Quelle organisation du côté des autorités américaines ?
Face à la crainte de débordements et d’une gestion chaotique de l’afflux migratoire, les États-Unis ont déployé plus de 24.000 agents et forces de l’ordre à la frontière avec le Mexique, ainsi que 1.100 coordinateurs. Par ailleurs, 1.500 soldats supplémentaires ont été déployés à la frontière, pour appuyer les 2.500 militaires déjà sur place.
«Il s'agit d'un nombre record de personnels, d'infrastructures et de ressources déployées à la frontière afin de préparer les quelques semaines difficiles que nous pressentons», a indiqué à la presse un haut responsable américain sous couvert d’anonymat.
Pour tenter de réduire la pression migratoire, l’administration Biden a annoncé l’ouverture de centres de détention supplémentaires tout au long de la frontière pour traiter les dossiers le plus rapidement possible. Les États-Unis prévoient également d’augmenter les vols de rapatriement.

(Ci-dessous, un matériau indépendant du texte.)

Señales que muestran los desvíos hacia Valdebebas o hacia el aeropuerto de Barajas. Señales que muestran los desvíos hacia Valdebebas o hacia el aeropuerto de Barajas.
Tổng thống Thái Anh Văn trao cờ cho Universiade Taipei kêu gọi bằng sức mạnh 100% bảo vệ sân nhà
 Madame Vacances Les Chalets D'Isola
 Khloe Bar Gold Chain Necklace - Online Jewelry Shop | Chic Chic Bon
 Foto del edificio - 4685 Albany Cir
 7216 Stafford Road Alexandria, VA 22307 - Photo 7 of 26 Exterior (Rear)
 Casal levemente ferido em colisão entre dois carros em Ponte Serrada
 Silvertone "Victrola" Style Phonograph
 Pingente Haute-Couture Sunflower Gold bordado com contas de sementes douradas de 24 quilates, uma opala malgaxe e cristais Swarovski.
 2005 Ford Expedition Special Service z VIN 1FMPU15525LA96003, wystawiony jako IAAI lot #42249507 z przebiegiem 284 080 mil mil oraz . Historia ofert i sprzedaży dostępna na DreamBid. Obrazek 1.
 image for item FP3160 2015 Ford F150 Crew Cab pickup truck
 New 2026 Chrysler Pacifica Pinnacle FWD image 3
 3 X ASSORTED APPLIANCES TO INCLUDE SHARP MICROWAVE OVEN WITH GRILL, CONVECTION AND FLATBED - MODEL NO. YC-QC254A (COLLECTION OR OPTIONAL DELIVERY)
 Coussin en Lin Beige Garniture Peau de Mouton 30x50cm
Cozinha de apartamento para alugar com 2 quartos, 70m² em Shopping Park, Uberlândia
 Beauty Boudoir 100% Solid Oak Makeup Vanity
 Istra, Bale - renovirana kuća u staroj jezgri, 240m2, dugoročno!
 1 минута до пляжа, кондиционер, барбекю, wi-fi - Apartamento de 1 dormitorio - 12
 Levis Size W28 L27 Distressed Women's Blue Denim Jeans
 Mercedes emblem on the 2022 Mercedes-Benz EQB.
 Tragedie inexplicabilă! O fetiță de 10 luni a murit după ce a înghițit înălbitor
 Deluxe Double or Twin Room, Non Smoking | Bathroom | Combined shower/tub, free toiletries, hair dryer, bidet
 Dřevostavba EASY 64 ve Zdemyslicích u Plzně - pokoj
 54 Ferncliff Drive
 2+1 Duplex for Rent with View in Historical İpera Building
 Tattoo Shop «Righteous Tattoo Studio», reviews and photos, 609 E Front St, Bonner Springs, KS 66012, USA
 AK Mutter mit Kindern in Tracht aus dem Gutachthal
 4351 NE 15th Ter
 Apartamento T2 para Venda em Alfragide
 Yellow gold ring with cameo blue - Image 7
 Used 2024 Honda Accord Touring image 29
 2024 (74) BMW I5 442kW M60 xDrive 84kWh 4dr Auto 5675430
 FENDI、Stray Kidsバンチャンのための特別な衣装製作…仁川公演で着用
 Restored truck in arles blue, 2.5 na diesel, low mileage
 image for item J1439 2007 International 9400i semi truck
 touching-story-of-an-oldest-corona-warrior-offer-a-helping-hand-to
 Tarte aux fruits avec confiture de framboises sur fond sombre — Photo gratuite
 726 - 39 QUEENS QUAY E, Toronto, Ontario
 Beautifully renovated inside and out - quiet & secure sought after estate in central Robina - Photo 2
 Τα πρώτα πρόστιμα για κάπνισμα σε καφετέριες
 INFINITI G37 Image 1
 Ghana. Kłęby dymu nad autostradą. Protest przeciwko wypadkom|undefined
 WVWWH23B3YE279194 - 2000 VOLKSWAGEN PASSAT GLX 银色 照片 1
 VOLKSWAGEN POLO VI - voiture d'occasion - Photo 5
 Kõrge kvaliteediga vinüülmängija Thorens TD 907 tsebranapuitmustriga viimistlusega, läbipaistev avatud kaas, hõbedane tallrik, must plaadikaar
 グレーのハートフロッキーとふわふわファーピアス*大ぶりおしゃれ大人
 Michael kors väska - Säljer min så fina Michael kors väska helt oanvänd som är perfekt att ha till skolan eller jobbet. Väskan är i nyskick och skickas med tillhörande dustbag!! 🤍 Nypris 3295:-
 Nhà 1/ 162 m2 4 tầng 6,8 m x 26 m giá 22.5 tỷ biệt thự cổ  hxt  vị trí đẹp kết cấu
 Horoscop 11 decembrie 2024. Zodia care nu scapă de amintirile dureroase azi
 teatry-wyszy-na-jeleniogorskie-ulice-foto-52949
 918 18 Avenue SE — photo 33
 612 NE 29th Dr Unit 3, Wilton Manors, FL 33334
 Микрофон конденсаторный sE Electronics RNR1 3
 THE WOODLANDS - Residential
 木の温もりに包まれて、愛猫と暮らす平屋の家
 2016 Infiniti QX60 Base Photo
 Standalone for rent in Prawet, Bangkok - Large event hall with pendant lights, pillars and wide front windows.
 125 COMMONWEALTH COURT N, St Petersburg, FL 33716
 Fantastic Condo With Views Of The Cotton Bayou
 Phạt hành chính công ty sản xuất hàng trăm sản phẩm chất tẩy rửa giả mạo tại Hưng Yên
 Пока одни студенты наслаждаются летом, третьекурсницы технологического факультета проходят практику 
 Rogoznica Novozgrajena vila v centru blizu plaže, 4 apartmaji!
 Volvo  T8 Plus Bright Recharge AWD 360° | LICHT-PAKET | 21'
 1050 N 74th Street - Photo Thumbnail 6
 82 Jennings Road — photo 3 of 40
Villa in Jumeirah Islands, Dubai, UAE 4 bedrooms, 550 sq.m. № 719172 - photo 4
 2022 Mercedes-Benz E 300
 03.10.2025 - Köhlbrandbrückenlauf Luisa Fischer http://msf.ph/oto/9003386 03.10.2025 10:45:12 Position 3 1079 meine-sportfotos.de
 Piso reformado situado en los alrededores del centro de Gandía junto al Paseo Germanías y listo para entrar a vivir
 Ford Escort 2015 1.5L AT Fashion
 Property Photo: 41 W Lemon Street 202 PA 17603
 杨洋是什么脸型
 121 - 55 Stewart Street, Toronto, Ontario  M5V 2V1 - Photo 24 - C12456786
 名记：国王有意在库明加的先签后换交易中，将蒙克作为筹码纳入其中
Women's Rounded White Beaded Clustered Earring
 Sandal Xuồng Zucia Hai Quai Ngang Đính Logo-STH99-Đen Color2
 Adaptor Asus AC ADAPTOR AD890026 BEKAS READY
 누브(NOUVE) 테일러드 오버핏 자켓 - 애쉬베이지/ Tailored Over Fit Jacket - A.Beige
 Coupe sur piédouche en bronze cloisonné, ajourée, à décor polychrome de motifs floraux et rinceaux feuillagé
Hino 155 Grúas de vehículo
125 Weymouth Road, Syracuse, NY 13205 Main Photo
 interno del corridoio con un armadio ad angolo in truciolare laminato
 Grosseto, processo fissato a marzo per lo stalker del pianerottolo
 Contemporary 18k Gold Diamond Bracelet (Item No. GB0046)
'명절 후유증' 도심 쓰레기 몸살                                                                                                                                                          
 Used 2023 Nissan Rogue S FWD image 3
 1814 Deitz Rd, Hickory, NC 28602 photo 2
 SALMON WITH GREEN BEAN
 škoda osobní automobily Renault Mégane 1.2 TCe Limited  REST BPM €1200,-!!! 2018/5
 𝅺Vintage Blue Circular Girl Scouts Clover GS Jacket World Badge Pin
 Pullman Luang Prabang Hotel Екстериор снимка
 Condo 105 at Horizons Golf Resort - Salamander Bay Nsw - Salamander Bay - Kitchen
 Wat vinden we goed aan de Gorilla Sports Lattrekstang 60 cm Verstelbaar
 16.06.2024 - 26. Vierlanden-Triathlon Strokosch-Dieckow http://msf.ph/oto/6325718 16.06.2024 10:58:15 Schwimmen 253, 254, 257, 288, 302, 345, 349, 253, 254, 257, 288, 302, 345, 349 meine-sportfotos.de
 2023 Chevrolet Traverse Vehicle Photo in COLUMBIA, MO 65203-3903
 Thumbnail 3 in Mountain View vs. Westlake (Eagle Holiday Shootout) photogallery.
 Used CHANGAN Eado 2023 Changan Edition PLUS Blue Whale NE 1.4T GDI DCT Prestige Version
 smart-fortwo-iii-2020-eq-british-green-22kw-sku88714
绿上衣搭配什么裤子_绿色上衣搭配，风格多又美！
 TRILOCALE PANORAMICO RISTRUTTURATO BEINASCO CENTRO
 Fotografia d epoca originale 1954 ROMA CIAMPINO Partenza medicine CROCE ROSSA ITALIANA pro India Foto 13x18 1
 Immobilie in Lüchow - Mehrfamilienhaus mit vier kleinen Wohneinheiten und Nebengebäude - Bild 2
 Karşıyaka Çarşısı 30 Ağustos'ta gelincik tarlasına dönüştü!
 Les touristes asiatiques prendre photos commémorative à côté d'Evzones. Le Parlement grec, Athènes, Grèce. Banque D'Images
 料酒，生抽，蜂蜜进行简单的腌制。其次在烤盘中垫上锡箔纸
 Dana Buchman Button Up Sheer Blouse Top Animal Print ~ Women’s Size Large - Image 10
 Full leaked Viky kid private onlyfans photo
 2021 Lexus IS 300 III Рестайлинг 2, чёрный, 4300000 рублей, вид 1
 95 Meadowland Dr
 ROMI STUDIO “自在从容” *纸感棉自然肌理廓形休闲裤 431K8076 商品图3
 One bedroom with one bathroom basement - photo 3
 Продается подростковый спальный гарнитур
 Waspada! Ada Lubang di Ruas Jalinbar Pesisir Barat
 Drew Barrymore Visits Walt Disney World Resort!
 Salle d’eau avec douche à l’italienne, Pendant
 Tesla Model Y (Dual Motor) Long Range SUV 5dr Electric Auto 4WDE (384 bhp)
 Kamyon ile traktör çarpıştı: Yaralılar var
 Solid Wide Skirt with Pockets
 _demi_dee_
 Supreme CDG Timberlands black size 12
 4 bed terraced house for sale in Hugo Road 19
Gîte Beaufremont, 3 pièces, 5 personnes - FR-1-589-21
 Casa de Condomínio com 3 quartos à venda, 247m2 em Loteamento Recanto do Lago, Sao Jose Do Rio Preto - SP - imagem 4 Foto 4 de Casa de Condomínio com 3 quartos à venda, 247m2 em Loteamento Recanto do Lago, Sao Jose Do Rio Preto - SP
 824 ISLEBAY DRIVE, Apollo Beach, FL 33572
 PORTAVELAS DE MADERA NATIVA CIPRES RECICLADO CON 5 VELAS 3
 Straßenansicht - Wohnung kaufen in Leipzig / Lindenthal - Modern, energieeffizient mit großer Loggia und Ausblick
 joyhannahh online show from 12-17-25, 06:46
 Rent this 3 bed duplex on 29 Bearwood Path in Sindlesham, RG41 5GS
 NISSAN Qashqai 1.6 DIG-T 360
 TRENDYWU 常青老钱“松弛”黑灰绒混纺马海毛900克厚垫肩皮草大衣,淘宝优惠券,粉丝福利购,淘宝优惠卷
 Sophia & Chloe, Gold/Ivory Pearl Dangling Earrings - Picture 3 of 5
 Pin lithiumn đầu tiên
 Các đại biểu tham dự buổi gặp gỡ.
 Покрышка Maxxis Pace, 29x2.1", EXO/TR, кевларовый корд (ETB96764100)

Par ailleurs, Washington prévoit d’ouvrir des nouveaux centres de traitement des migrants en Colombie et au Guatemala pour réduire l’immigration clandestine, et d’intensifier la lutte contre les réseaux criminels de transport de migrants.
De son côté, l'Etat du Texas, qui partage la plus grande frontière avec le Mexique, a annoncé en début de semaine le déploiement de la garde nationale en prévision de l’expiration du Titre 41, accusant le président Joe Biden de «dérouler le tapis rouge aux gens du monde entier».